◆ What you should do ◆
At the line with "Papeldecor|Tapete Blumen Cannabisblätter", start transcribing; stop after the last line of the data below. Keep it exact and leave pictures out.

◆ Data for this exercise ◆
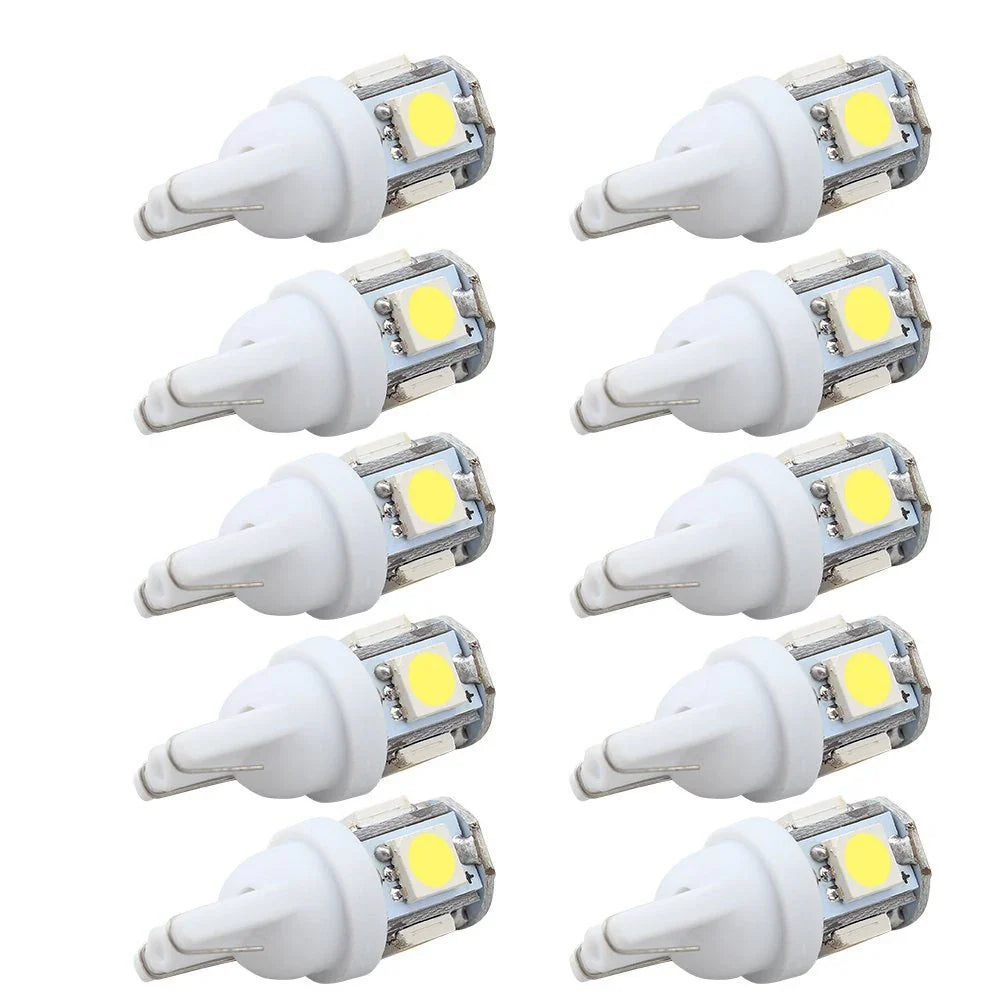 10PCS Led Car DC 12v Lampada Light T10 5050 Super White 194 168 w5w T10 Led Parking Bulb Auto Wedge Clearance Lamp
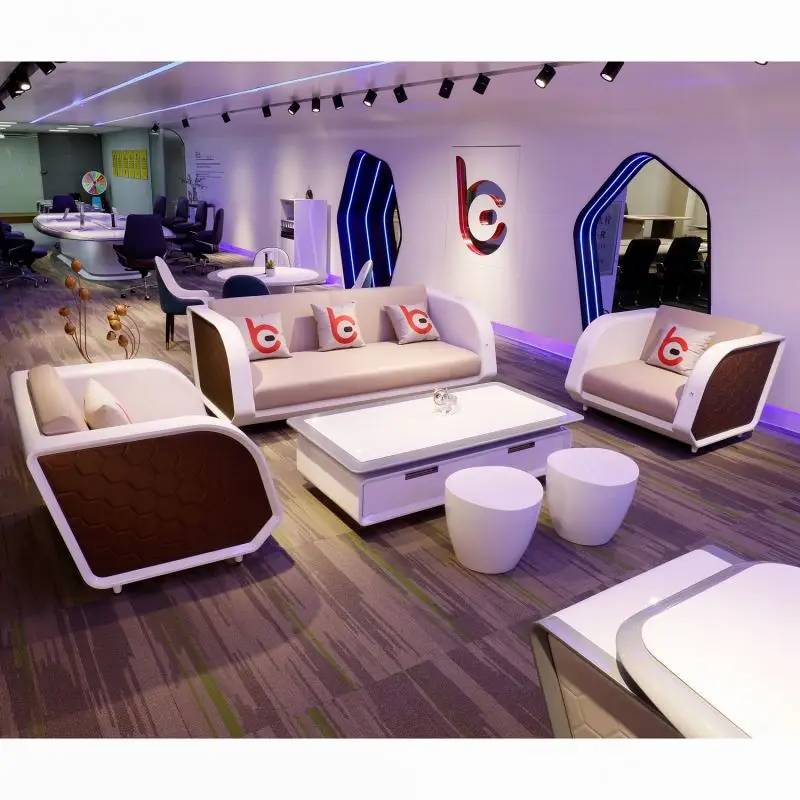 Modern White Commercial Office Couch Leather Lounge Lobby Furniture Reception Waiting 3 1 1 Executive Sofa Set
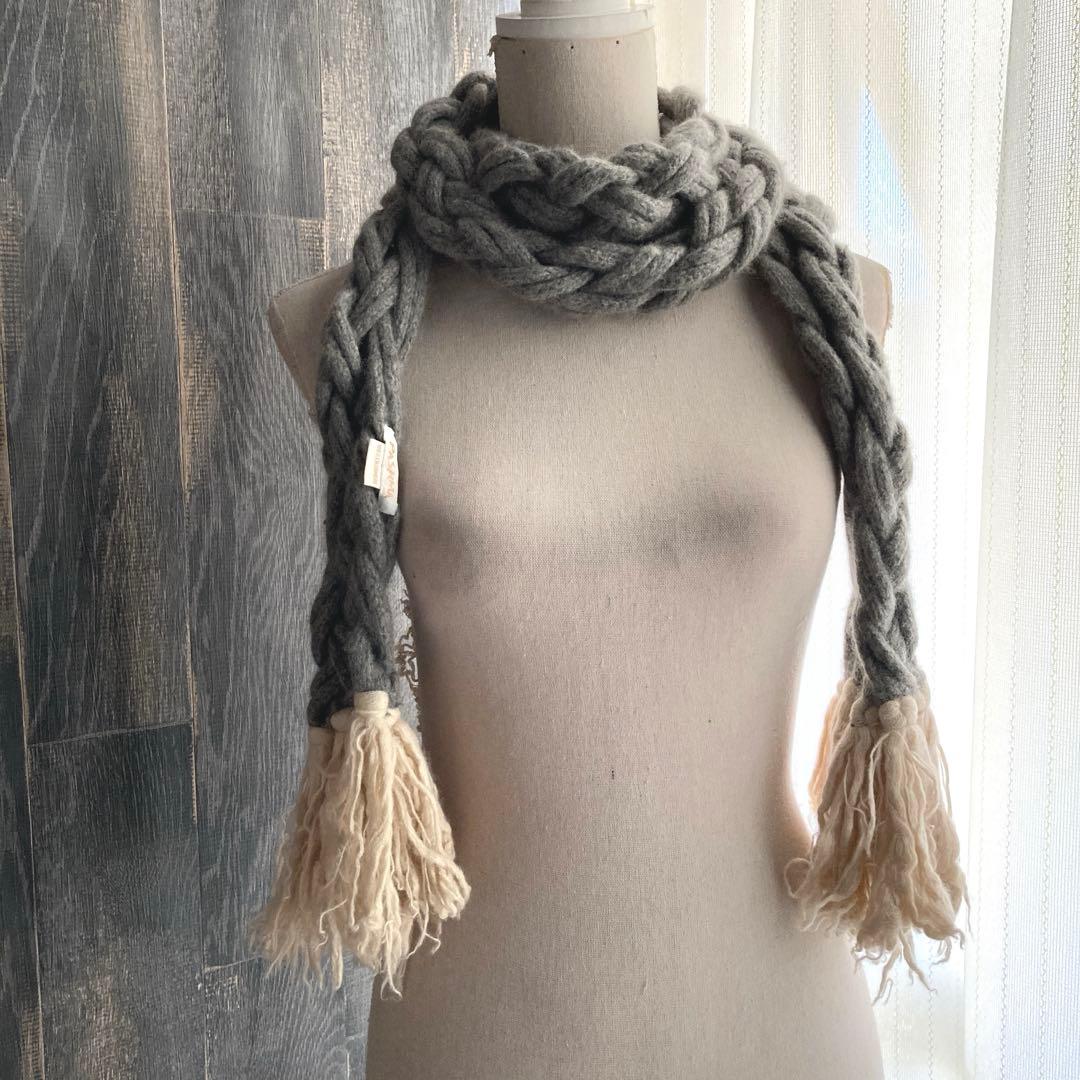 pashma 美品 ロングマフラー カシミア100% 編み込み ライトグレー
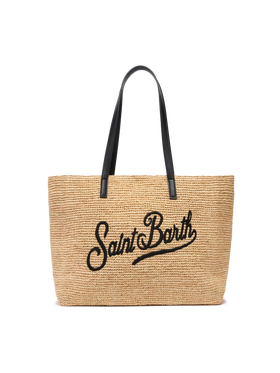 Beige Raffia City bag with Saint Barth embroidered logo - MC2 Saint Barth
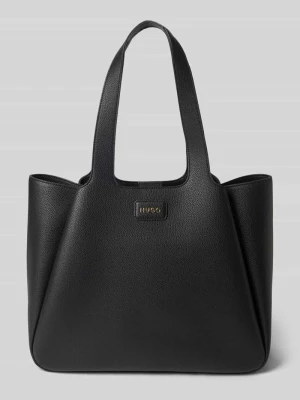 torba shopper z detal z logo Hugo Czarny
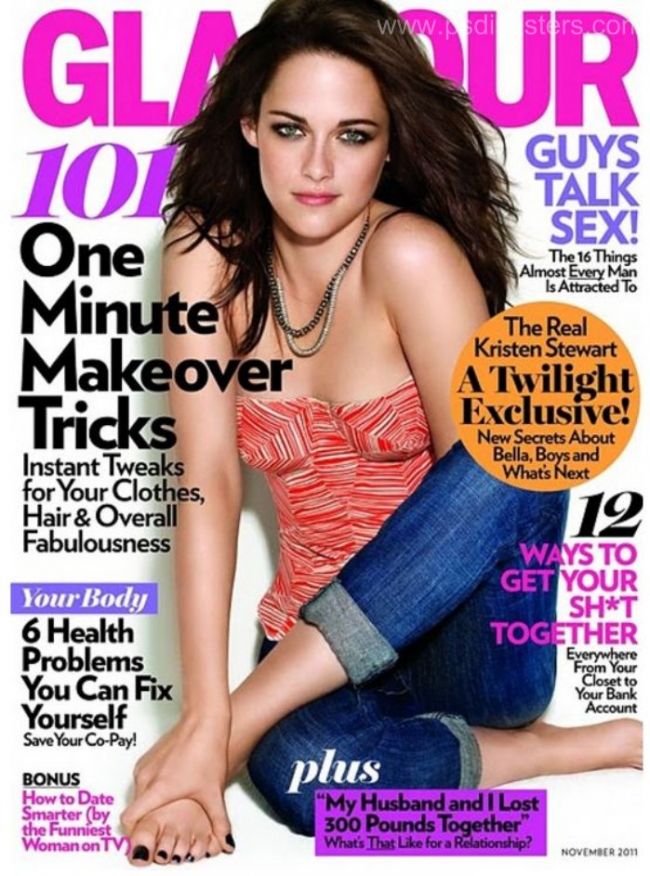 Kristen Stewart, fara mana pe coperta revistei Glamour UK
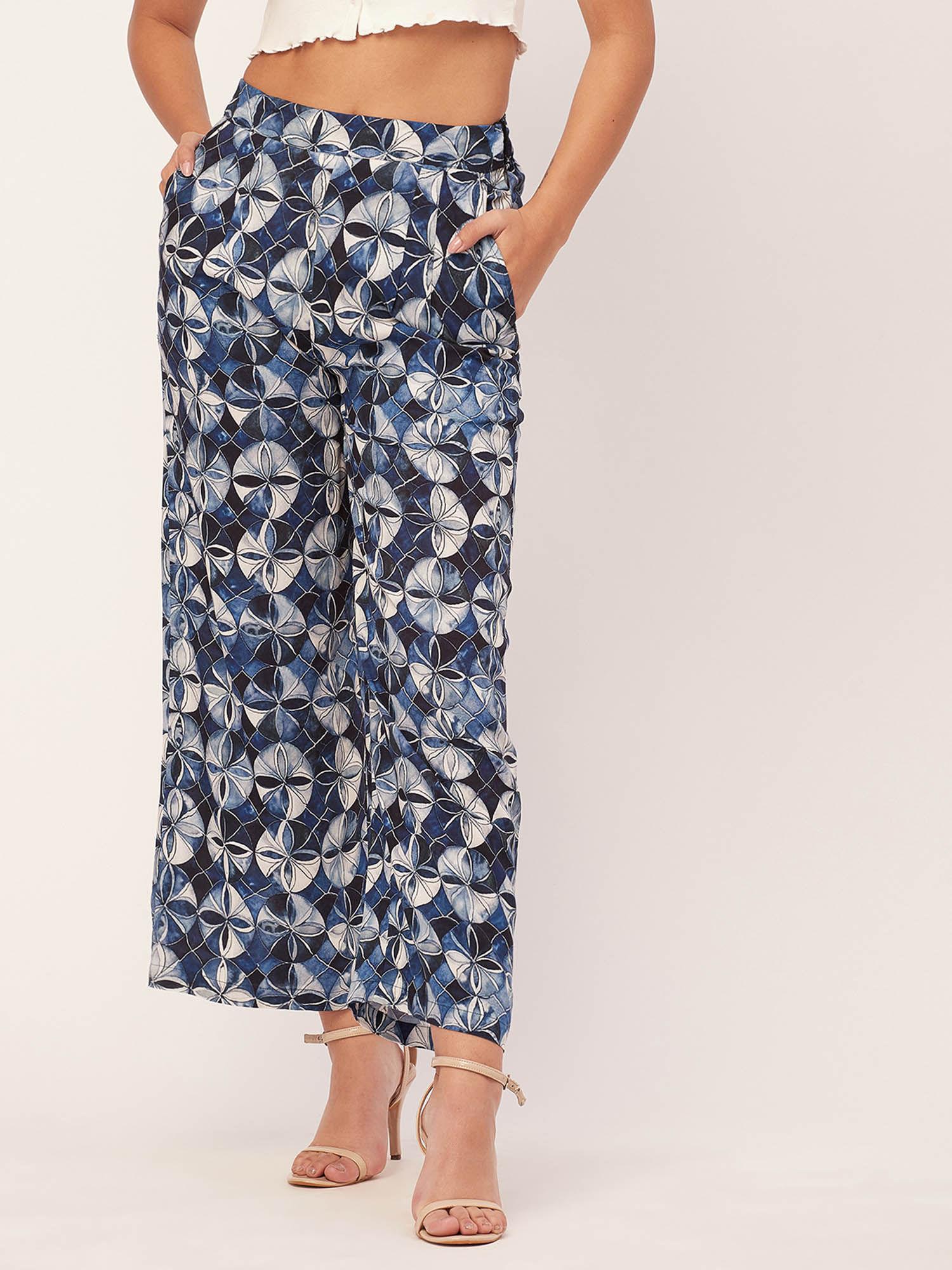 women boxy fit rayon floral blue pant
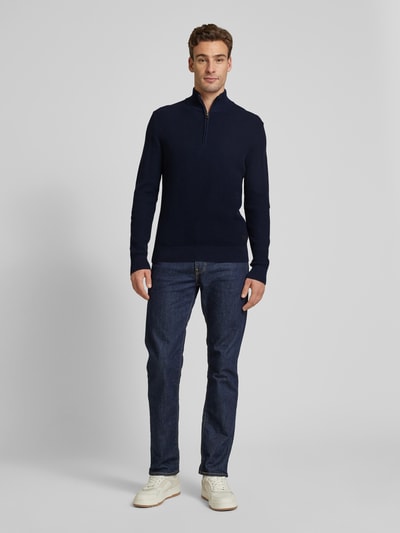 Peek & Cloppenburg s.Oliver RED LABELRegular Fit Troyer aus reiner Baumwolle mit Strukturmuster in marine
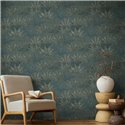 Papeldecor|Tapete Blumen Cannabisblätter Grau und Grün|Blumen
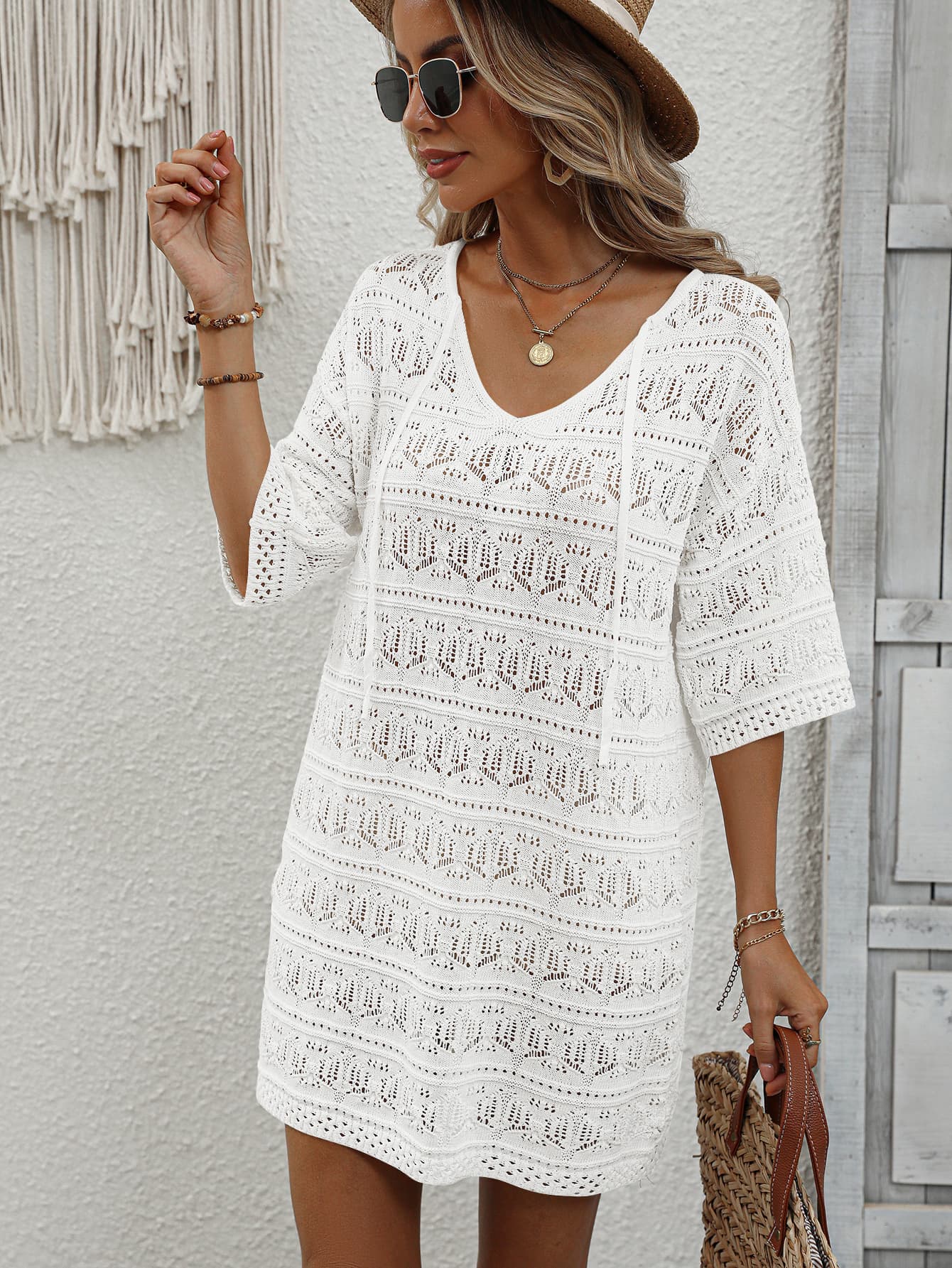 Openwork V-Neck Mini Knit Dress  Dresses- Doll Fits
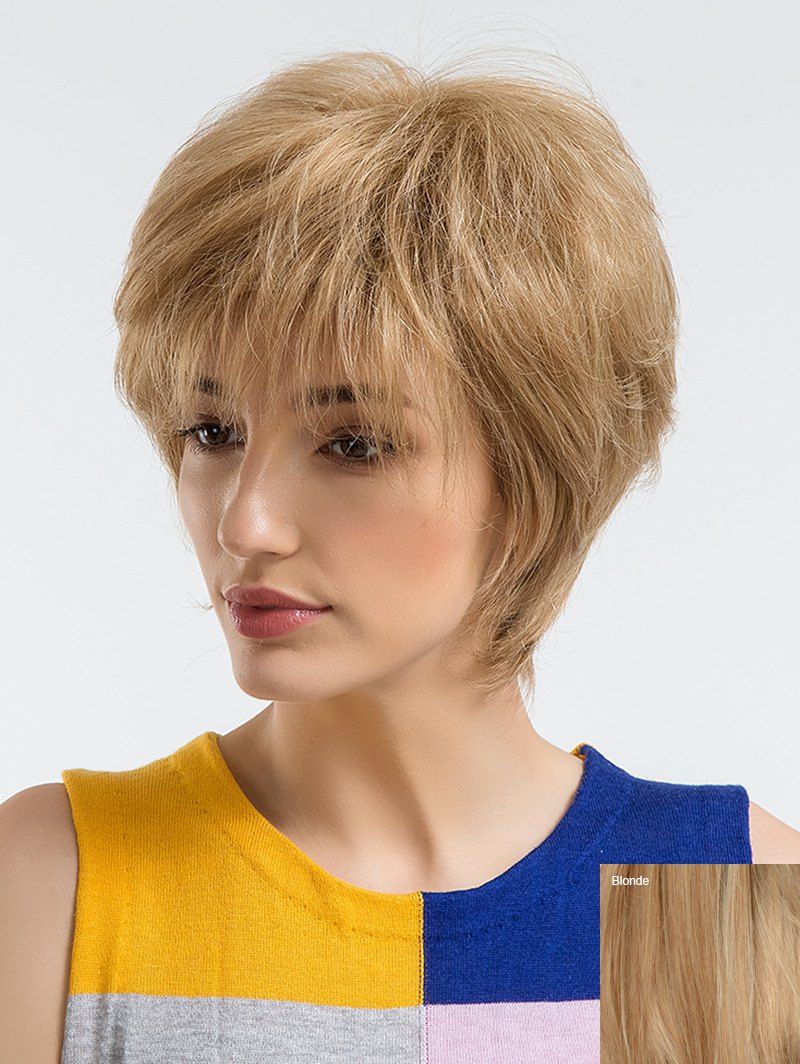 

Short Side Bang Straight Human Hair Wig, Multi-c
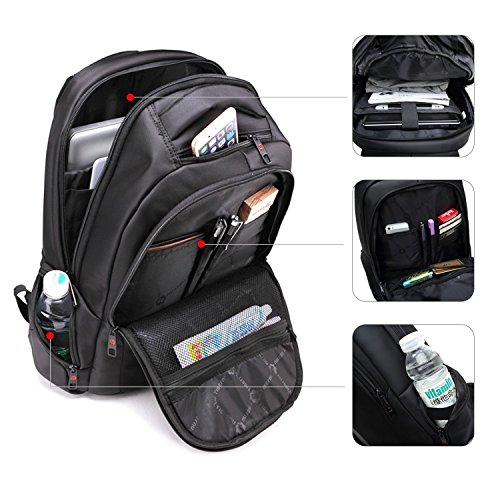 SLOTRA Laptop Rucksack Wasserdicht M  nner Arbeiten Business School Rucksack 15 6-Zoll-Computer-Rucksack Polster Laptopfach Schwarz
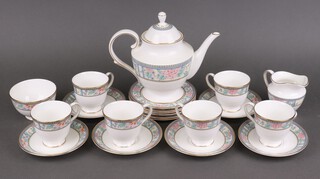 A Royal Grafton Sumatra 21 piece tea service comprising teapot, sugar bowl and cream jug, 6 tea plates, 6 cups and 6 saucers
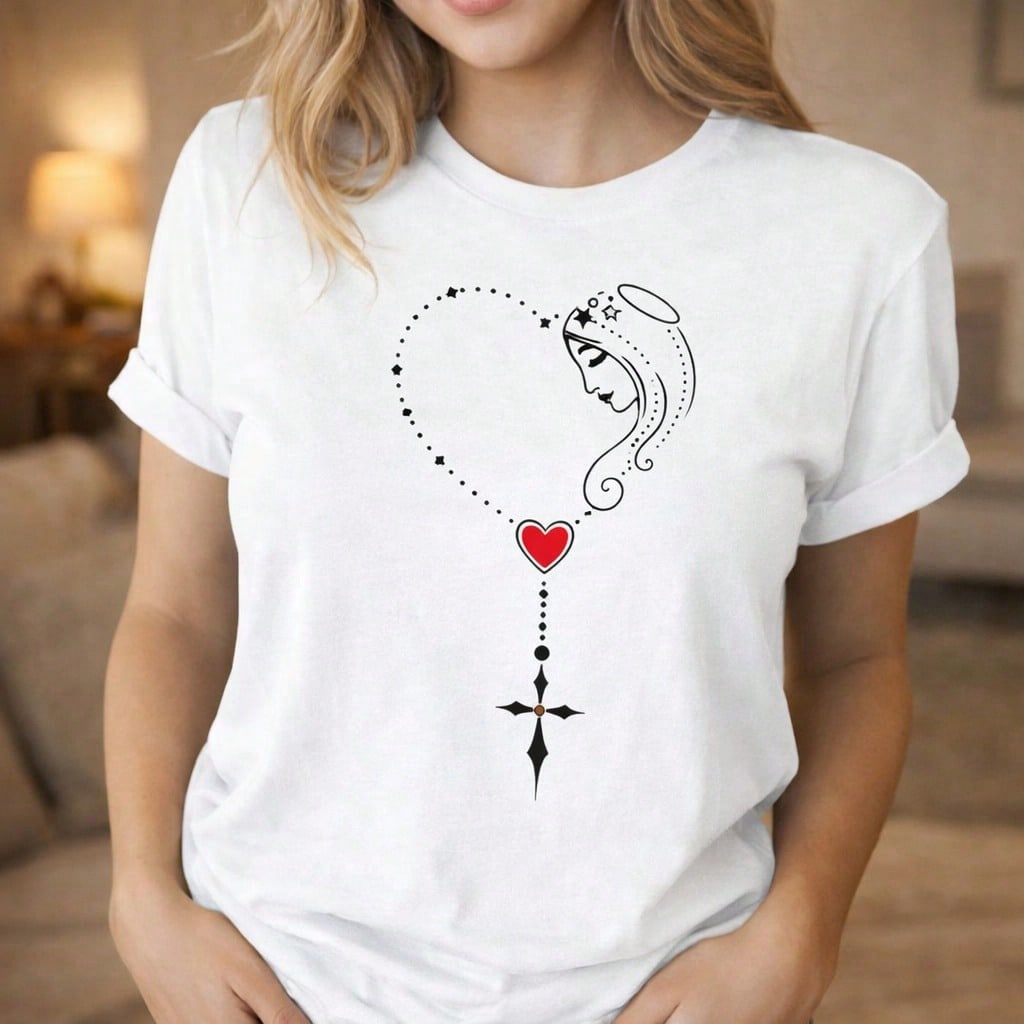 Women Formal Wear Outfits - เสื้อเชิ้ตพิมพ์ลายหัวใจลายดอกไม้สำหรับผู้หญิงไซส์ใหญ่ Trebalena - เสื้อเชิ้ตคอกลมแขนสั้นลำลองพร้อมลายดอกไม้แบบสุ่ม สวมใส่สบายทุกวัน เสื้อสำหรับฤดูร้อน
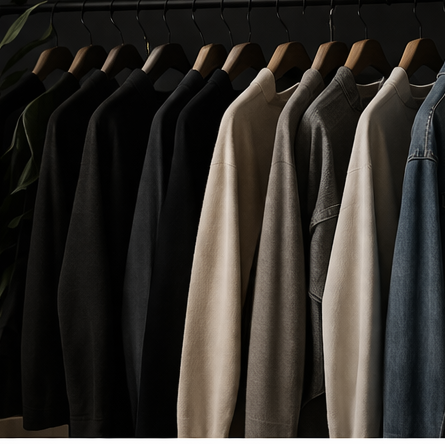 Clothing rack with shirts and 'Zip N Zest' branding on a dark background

◆ Exercise response ◆
 Papeldecor|Tapete Blumen Cannabisblätter Grau und Grün|Blumen
 Openwork V-Neck Mini Knit Dress  Dresses- Doll Fits

Short Side Bang Straight Human Hair Wig, Multi-c
 SLOTRA Laptop Rucksack Wasserdicht M  nner Arbeiten Business School Rucksack 15 6-Zoll-Computer-Rucksack Polster Laptopfach Schwarz
 A Royal Grafton Sumatra 21 piece tea service comprising teapot, sugar bowl and cream jug, 6 tea plates, 6 cups and 6 saucers
 Women Formal Wear Outfits - เสื้อเชิ้ตพิมพ์ลายหัวใจลายดอกไม้สำหรับผู้หญิงไซส์ใหญ่ Trebalena - เสื้อเชิ้ตคอกลมแขนสั้นลำลองพร้อมลายดอกไม้แบบสุ่ม สวมใส่สบายทุกวัน เสื้อสำหรับฤดูร้อน
 Clothing rack with shirts and 'Zip N Zest' branding on a dark background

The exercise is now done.